What is the Profession of School Psychology?

Historically, School Psychologists have been associated with children's schooling for most of this century, though the past 25 years has seen phenomenal growth in their numbers. Today, there is barely a school district in the country that does not have access to a School Psychologist.

Wisconsin boasts one of the most progressive school psychology service delivery systems in the country, with seven high quality university training programs and hundreds of licensed School Psychologists serving our schools and families. Graduates of the UW-Whitewater School Psychology Program are eligible for the Wisconsin Department of Public Instruction License as a School Psychologist as well as the prestigious Nationally Certified School Psychologist (NCSP) designation.

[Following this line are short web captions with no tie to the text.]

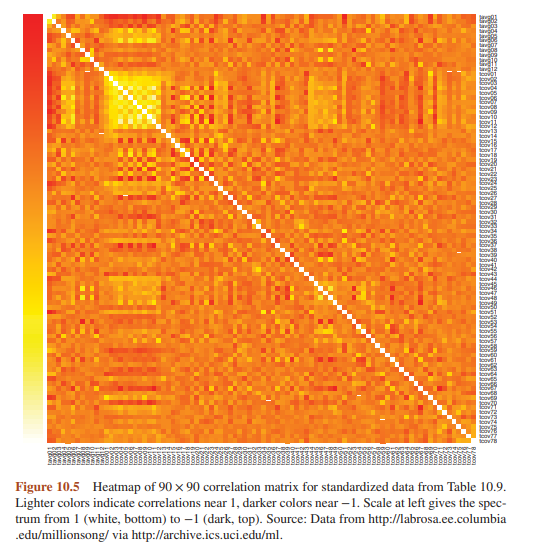 From a bioinformatic study of gene expression profiles in carcinogenesis, Golub et al. (1999)...-2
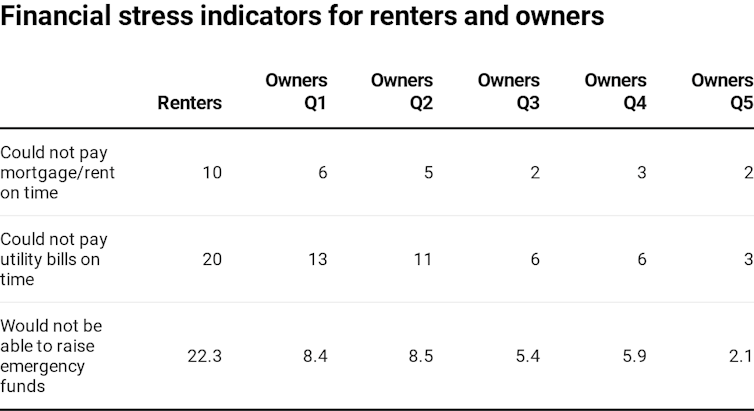 As coronavirus widens the renter-owner divide, housing policies will have to change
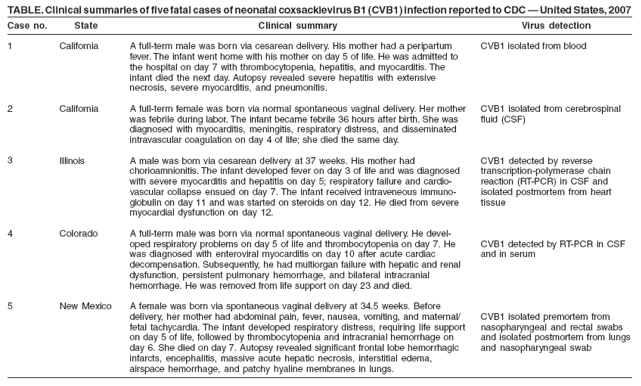 TABLE. Clinical summaries of five fatal cases of neonatal coxsackievirus B1 (CVB1) infection reported to CDC � United States, 2007
Case no.
1
2
3
4
5
State
California
California
Illinois
Colorado
New Mexico
Virus detection
CVB1 isolated from blood
CVB1 isolated from cerebrospinal
fluid (CSF)
CVB1 detected by reverse
transcription-polymerase chain
reaction (RT-PCR) in CSF and
isolated postmortem from heart
tissue
CVB1 detected by RT-PCR in CSF
and in serum
CVB1 isolated premortem from
nasopharyngeal and rectal swabs
and isolated postmortem from lungs
and nasopharyngeal swab
Clinical summary
A full-term male was born via cesarean delivery. His mother had a peripartum
fever. The infant went home with his mother on day 5 of life. He was admitted to
the hospital on day 7 with thrombocytopenia, hepatitis, and myocarditis. The
infant died the next day. Autopsy revealed severe hepatitis with extensive
necrosis, severe myocarditis, and pneumonitis.
A full-term female was born via normal spontaneous vaginal delivery. Her mother
was febrile during labor. The infant became febrile 36 hours after birth. She was
diagnosed with myocarditis, meningitis, respiratory distress, and disseminated
intravascular coagulation on day 4 of life; she died the same day.
A male was born via cesarean delivery at 37 weeks. His mother had
chorioamnionitis. The infant developed fever on day 3 of life and was diagnosed
with severe myocarditis and hepatitis on day 5; respiratory failure and cardiovascular
collapse ensued on day 7. The infant received intraveneous immunoglobulin
on day 11 and was started on steroids on day 12. He died from severe
myocardial dysfunction on day 12.
A full-term male was born via normal spontaneous vaginal delivery. He developed
respiratory problems on day 5 of life and thrombocytopenia on day 7. He
was diagnosed with enteroviral myocarditis on day 10 after acute cardiac
decompensation. Subsequently, he had multiorgan failure with hepatic and renal
dysfunction, persistent pulmonary hemorrhage, and bilateral intracranial
hemorrhage. He was removed from life support on day 23 and died.
A female was born via spontaneous vaginal delivery at 34.5 weeks. Before
delivery, her mother had abdominal pain, fever, nausea, vomiting, and maternal/
fetal tachycardia. The infant developed respiratory distress, requiring life support
on day 5 of life, followed by thrombocytopenia and intracranial hemorrhage on
day 6. She died on day 7. Autopsy revealed significant frontal lobe hemorrhagic
infarcts, encephalitis, massive acute hepatic necrosis, interstitial edema,
airspace hemorrhage, and patchy hyaline membranes in lungs.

The day-to-day role of a School Psychologist differs dramatically from district to district and person to person, but some commonalities exist:


One of the most important (and growing) roles of the School Psychologist is that of consultant to teachers, professional staff, and parents. In this role, the School Psychologist works individually or in collaborative teams to help address the learning and behavioral needs of all students in the school. Using consultation strategies and techniques, the School Psychologist helps other staff members gain insight and skill so as to work more effectively with the children. As an example, a fourth grade teacher may be having difficulty with the behavior of one of her students and, after all of her own efforts do not seem to help, she may turn to the School Psychologist. The School Psychologist brings a new set of eyes to the problem as well as training in behavior theory and management, child development, and instructional design. Together, the teacher and the School Psychologist map out an intervention for the teacher to implement with the child. The School Psychologist stays involved the whole time, monitoring the intervention and providing support for the teacher. Students in the UW-Whitewater School Psychology Program take course work in consultation methods and have opportunities to work on their skills with practicing teachers.

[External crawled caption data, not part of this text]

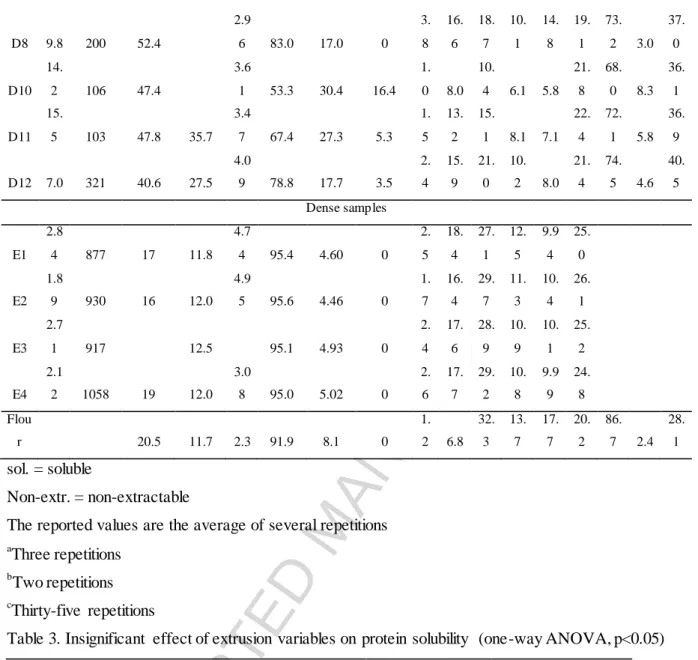 Table 3. Insignificant  effect of extrusion variables on protein solubility  (one-way ANOVA, p<0.05)  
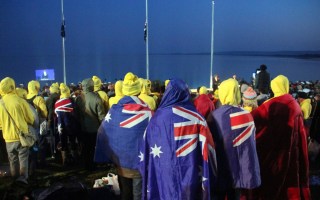 anzac gallipoli coronavirus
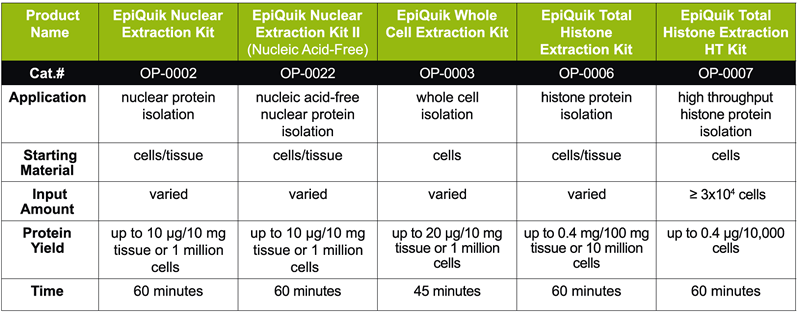 Epigentek Protein Preparation Kits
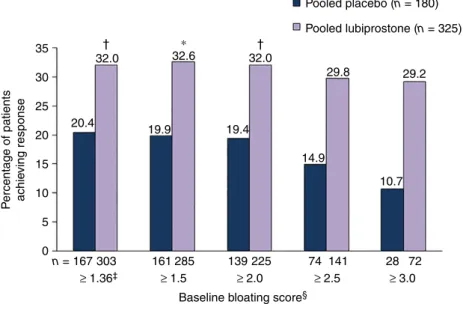 Figure 3 | Treatment response rates in patients with baseline bloating scores ≥1.36. Treatment response deﬁned as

School Psychologists are responsible for providing data-based, non-biased psychological assessment for children referred for this service. Assessment for School Psychologists takes many forms, including: Individual, standardized assessment of intellectual functioning, personality and behavior, academic achievement, sensory-motor development, and adaptive functioning. In addition, School Psychologists are also skilled at assessing how the child is achieving relative to his or her own curriculum (called "curriculum-based assessment") and at observing and interpreting behavior in the natural setting. One of the most important skills School Psychologists need to have is the ability to communicate the results of their assessment efforts so that the data are useful to the adults who will work with the child. Consequently, written and interpersonal communication skills are very important. Students in the UW-Whitewater School Psychology Program take course work in all of these skill areas and have abundant one-on-one instruction and guidance from program faculty.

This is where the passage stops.